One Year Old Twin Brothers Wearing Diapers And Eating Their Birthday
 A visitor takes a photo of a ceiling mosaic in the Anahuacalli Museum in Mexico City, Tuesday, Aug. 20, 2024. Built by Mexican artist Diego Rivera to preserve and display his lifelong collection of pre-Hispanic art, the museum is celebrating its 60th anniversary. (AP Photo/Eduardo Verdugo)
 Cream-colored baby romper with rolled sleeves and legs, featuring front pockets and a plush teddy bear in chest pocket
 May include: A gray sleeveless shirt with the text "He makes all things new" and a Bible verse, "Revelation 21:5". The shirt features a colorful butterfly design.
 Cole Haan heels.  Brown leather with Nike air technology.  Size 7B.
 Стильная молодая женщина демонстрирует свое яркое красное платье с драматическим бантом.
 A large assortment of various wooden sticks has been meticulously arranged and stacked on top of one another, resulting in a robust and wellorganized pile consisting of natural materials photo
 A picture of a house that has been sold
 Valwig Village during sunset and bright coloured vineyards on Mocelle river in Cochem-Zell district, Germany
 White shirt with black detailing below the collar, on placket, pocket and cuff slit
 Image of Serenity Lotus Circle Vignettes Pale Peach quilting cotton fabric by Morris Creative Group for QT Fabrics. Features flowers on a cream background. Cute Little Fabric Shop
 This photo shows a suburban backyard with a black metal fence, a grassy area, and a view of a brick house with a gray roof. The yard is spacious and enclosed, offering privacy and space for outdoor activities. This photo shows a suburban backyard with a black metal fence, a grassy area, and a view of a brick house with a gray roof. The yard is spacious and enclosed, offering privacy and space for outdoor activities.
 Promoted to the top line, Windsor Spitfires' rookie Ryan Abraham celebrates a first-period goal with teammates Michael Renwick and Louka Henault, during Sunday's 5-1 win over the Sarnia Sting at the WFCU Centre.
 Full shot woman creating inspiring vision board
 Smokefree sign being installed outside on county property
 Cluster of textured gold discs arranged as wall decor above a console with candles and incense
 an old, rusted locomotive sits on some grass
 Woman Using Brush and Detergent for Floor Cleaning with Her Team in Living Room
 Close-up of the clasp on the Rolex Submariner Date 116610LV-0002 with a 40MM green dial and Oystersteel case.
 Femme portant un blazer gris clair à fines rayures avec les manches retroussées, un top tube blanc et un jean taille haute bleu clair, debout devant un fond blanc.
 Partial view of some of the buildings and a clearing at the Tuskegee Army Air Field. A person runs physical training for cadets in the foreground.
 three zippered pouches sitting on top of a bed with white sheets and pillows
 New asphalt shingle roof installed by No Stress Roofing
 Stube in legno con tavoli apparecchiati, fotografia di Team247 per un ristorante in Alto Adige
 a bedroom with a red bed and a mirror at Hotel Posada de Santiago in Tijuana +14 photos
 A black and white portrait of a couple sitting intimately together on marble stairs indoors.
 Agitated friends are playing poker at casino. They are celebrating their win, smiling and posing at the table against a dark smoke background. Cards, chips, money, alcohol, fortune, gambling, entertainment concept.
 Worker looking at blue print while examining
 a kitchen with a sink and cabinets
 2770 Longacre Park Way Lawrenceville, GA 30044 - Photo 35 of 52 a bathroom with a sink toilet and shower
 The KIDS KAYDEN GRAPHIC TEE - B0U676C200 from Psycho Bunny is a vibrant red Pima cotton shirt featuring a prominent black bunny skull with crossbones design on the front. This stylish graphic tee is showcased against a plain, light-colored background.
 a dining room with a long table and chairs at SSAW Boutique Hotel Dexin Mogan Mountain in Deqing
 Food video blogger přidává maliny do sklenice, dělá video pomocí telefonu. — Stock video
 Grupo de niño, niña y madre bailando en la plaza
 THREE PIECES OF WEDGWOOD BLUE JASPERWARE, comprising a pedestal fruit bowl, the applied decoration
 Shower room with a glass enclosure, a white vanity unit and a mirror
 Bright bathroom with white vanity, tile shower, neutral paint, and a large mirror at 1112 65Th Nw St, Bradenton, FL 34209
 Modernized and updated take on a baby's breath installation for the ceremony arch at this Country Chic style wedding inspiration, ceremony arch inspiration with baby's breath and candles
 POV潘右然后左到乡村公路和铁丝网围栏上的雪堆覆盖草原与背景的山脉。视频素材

▶ Action item:
Take the entries above and copy them exactly from the first line through the line with "White shirt with"; leave out every line after it.

▶ Solution to this problem:
One Year Old Twin Brothers Wearing Diapers And Eating Their Birthday
 A visitor takes a photo of a ceiling mosaic in the Anahuacalli Museum in Mexico City, Tuesday, Aug. 20, 2024. Built by Mexican artist Diego Rivera to preserve and display his lifelong collection of pre-Hispanic art, the museum is celebrating its 60th anniversary. (AP Photo/Eduardo Verdugo)
 Cream-colored baby romper with rolled sleeves and legs, featuring front pockets and a plush teddy bear in chest pocket
 May include: A gray sleeveless shirt with the text "He makes all things new" and a Bible verse, "Revelation 21:5". The shirt features a colorful butterfly design.
 Cole Haan heels.  Brown leather with Nike air technology.  Size 7B.
 Стильная молодая женщина демонстрирует свое яркое красное платье с драматическим бантом.
 A large assortment of various wooden sticks has been meticulously arranged and stacked on top of one another, resulting in a robust and wellorganized pile consisting of natural materials photo
 A picture of a house that has been sold
 Valwig Village during sunset and bright coloured vineyards on Mocelle river in Cochem-Zell district, Germany
 White shirt with black detailing below the collar, on placket, pocket and cuff slit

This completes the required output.